# new saltwater aquarium questions



## frothyspoon (Jul 21, 2010)

I am about to add water to my new saltwater aquarium which i converted from freshwater. I am completely new to salt so I have a few questions about everything.

My first questions is about the substrate. I have about 60 pounds of crushed coral and aragonite sand and before i placed it in my aquarium i washed it well but the water was still a little cloudy. Will this cause problems when i add water soon?

My next question is how long do i have to let the water cycle before I can add live rock to the system? And then how long do i have to let the live rock filter the water before I can add my first fish?

Lastly, is it wise to buy live rock that someone is selling from an established system?
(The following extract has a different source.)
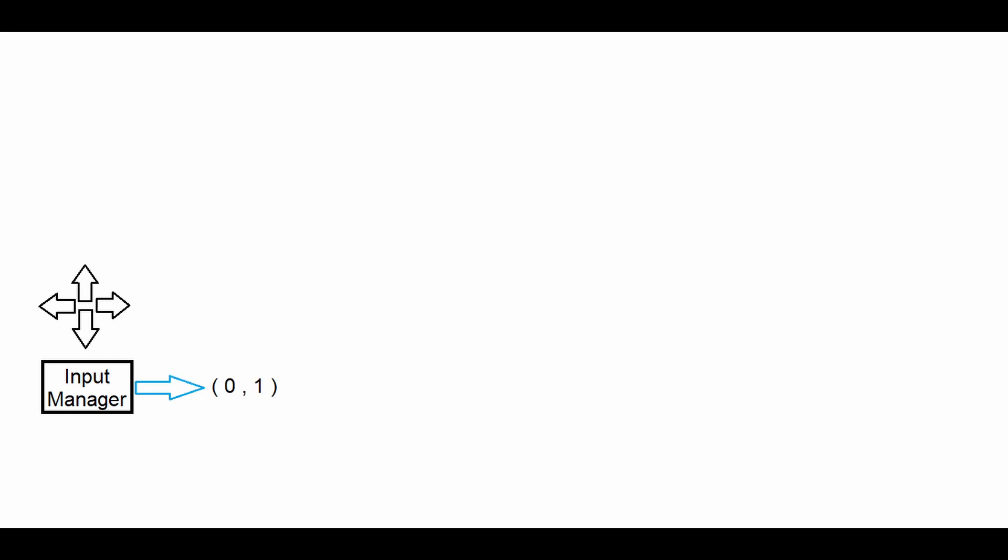To make a crouching system, we need to first understand how our movement system works. When the player presses the WASD keys, our input manager, using Unity's new input system, will handle the raw data and convert them to a vector2 attribute, with each number ranging from 0 to 1.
Or is it recommended that i buy it from a LFS.

Thanks for all your help


----------



## badxgillen (Aug 20, 2010)

*rock it*

when starting i like to buy live rock from as many sources as i can to get a bigger bio diversity going...just be sure not to accidently import aptasia or majano anemones..they are hard to eradicate later on.....most people start off with base rock and top it off with more exoensive live rock...you can put live rock in as soon as salinity check out and temp is correct..cycling a yank can take from 4 weeks to 4 months...there are a lot of variabls...live sand,live rock,established filteration media,and photo periods....not to mention bio load...once again a little research goes a long way....get your test kit handy .....oh and just get the substrate as clean as you can...then once the water is properly mixed and in the tank turn on the pumps and let it settle out the fine particals then add the live rock...


----------



## Pasfur (Mar 29, 2008)

frothyspoon said:


> My first questions is about the substrate. I have about 60 pounds of crushed coral and aragonite sand and before i placed it in my aquarium i washed it well but the water was still a little cloudy. Will this cause problems when i add water soon?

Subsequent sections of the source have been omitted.